AIM OF THE TASK: Quote these lines exactly: the one that holds "Personalized Monogrammed Glass" and every line after it to the end of the material below. Skip pictures.

DATA SECTION:
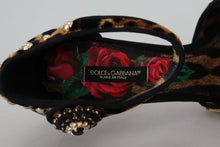 Load image into Gallery viewer, Dolce &amp; Gabbana Brown Embellished Leopard Print Heels Shoes
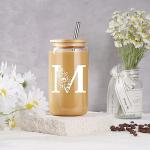 Personalized Monogrammed Glass Cup with Straw
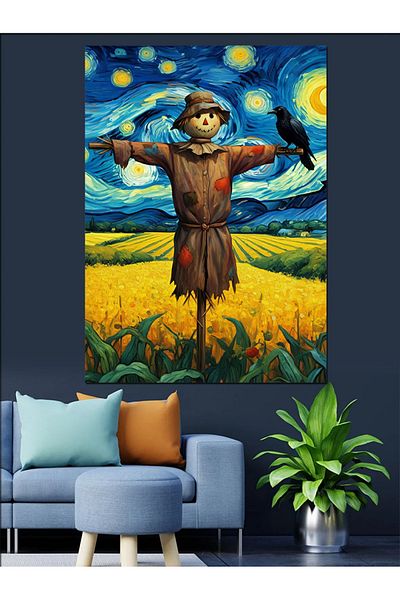 Tablomega Scary Scarecrow Decorative Canvas - Mdf Wooden Painting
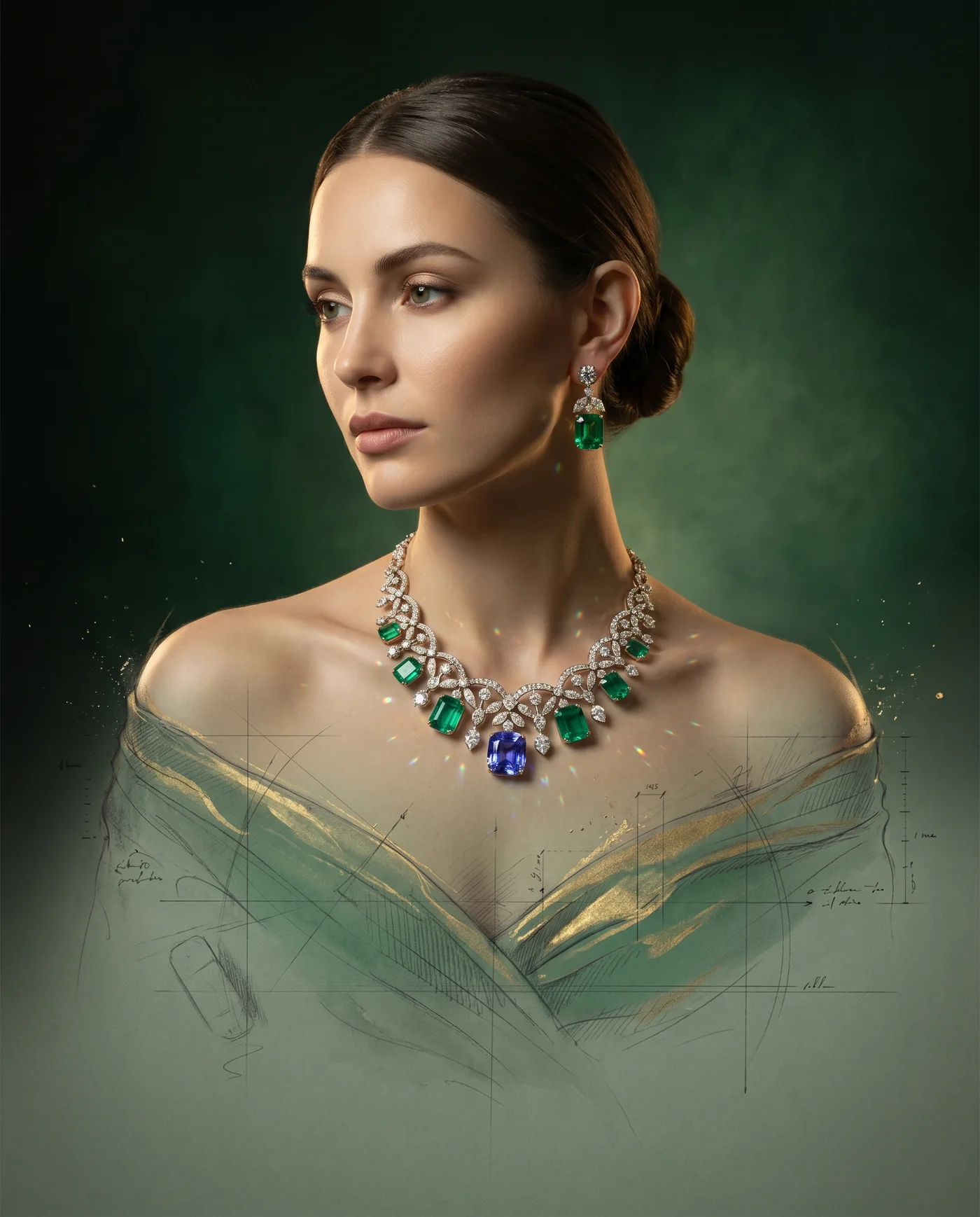 A bespoke Prins and Prins diamond, emerald and tanzanite necklace and earrings emerging from a hand-drawn atelier design sketch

SOLUTION TO THIS EXERCISE:
 Personalized Monogrammed Glass Cup with Straw
 Tablomega Scary Scarecrow Decorative Canvas - Mdf Wooden Painting
 A bespoke Prins and Prins diamond, emerald and tanzanite necklace and earrings emerging from a hand-drawn atelier design sketch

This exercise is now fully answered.